**Information given**
[Start of Attachment]

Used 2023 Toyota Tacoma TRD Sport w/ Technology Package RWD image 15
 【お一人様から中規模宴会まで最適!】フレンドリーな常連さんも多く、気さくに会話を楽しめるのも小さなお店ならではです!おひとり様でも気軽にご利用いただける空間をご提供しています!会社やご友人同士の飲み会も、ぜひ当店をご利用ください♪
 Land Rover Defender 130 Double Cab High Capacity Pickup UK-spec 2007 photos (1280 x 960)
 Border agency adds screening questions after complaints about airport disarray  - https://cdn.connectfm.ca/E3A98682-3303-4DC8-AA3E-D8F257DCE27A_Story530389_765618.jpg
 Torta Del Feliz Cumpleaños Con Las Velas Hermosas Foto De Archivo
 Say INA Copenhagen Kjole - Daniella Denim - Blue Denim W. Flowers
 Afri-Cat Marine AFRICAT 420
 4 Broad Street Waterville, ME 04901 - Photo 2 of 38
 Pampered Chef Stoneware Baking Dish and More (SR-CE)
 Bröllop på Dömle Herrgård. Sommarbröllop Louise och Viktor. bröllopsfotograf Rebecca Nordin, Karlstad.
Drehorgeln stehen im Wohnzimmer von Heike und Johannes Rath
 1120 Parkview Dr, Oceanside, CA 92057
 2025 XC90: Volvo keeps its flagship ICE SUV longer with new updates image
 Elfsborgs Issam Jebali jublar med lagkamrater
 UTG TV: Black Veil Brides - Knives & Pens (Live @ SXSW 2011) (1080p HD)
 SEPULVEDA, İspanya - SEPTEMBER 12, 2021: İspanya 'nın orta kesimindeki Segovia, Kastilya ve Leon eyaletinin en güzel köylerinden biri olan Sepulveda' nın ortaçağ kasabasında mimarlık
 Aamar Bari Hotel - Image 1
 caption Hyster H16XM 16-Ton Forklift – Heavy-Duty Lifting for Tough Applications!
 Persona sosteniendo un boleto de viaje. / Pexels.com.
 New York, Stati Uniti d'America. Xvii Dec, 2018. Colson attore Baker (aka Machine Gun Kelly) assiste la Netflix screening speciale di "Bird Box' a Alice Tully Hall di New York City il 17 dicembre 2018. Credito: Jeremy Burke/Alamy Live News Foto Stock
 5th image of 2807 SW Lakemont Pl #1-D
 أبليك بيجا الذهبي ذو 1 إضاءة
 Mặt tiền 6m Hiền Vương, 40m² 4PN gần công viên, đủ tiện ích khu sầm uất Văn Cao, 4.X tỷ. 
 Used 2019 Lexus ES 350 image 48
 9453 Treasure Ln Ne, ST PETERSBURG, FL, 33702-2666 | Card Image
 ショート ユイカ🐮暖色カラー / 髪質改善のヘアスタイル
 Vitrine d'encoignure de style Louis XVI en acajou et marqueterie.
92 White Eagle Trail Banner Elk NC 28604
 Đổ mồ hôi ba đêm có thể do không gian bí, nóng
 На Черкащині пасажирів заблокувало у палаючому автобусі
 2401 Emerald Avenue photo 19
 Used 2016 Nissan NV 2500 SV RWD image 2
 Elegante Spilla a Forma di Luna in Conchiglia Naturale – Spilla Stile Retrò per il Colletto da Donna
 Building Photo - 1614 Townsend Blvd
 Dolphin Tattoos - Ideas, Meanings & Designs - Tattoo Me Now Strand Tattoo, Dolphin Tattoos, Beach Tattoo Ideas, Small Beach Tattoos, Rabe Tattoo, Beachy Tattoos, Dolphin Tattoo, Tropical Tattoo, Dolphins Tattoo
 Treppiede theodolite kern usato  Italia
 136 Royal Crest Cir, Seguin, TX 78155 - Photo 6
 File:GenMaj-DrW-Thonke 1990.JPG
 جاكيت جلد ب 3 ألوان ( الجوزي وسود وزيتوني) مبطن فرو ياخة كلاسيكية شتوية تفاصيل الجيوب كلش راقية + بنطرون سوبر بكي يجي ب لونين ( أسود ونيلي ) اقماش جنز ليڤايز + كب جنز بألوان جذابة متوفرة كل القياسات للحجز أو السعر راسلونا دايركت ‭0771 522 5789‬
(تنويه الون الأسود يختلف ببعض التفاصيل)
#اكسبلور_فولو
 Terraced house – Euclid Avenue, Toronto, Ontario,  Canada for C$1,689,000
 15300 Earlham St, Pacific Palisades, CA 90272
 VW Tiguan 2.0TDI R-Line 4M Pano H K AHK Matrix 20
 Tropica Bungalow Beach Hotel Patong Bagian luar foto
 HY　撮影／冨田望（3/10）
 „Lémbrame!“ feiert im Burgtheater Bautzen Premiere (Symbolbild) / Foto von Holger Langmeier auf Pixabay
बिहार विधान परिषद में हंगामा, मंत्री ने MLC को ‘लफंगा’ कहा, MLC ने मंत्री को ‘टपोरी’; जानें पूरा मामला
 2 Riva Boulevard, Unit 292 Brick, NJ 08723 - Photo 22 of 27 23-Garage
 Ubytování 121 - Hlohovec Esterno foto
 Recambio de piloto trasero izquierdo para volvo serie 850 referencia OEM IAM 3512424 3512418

[End of Attachment]

**Assignment**
Taking the listing above as the source, transcribe only the lines starting at the line with "New York, Stati" and going through the line with "Building Photo - 1614 Townsend Blvd", unaltered and with both ends included.

**Result**
 New York, Stati Uniti d'America. Xvii Dec, 2018. Colson attore Baker (aka Machine Gun Kelly) assiste la Netflix screening speciale di "Bird Box' a Alice Tully Hall di New York City il 17 dicembre 2018. Credito: Jeremy Burke/Alamy Live News Foto Stock
 5th image of 2807 SW Lakemont Pl #1-D
 أبليك بيجا الذهبي ذو 1 إضاءة
 Mặt tiền 6m Hiền Vương, 40m² 4PN gần công viên, đủ tiện ích khu sầm uất Văn Cao, 4.X tỷ. 
 Used 2019 Lexus ES 350 image 48
 9453 Treasure Ln Ne, ST PETERSBURG, FL, 33702-2666 | Card Image
 ショート ユイカ🐮暖色カラー / 髪質改善のヘアスタイル
 Vitrine d'encoignure de style Louis XVI en acajou et marqueterie.
92 White Eagle Trail Banner Elk NC 28604
 Đổ mồ hôi ba đêm có thể do không gian bí, nóng
 На Черкащині пасажирів заблокувало у палаючому автобусі
 2401 Emerald Avenue photo 19
 Used 2016 Nissan NV 2500 SV RWD image 2
 Elegante Spilla a Forma di Luna in Conchiglia Naturale – Spilla Stile Retrò per il Colletto da Donna
 Building Photo - 1614 Townsend Blvd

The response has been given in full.